▶ **What you are asked to do**: Where the listing below reaches the line containing "National Tree Company", start writing out lines exactly, and stop once the line containing "Vesrah BP-021 Bicycle" has been written.

▶ **Exercise data**:
--------
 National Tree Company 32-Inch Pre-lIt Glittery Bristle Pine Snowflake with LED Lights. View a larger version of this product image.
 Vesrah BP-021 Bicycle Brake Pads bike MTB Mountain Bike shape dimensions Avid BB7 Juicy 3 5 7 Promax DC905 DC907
--------
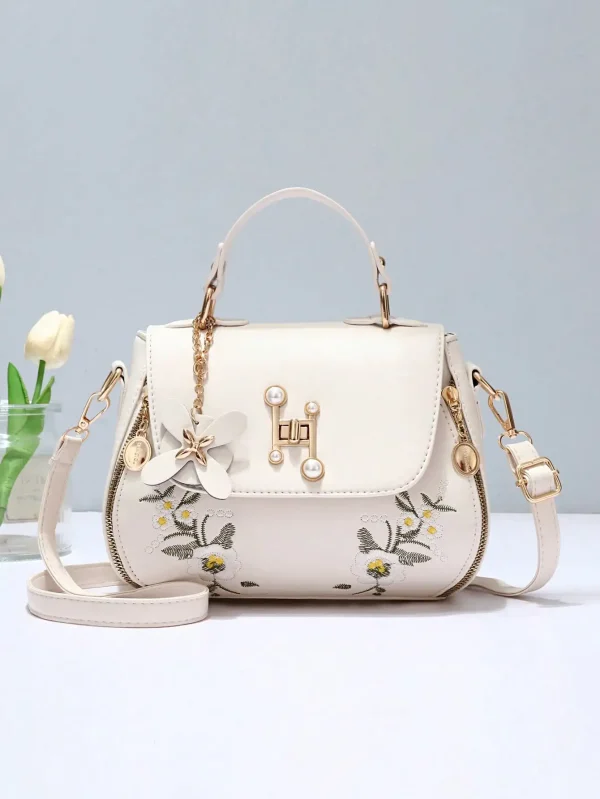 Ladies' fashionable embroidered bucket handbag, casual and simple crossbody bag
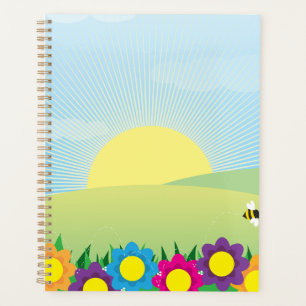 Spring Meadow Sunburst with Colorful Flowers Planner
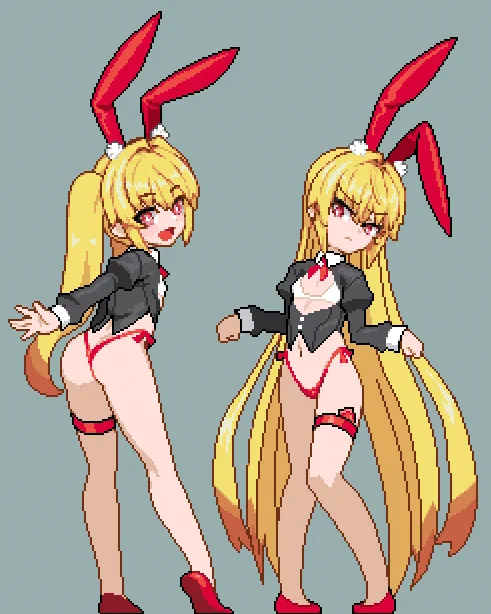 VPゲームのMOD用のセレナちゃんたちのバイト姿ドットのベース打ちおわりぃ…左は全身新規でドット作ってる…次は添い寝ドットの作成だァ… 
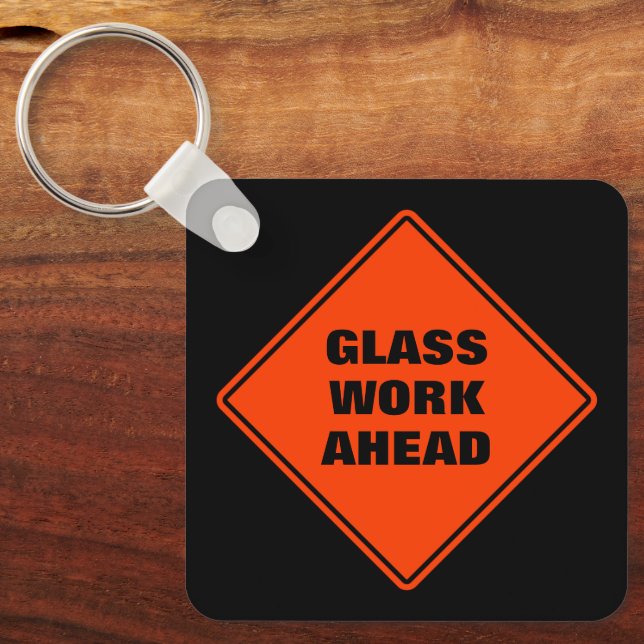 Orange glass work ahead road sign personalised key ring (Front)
--------
▶ **Result**:
 National Tree Company 32-Inch Pre-lIt Glittery Bristle Pine Snowflake with LED Lights. View a larger version of this product image.
 Vesrah BP-021 Bicycle Brake Pads bike MTB Mountain Bike shape dimensions Avid BB7 Juicy 3 5 7 Promax DC905 DC907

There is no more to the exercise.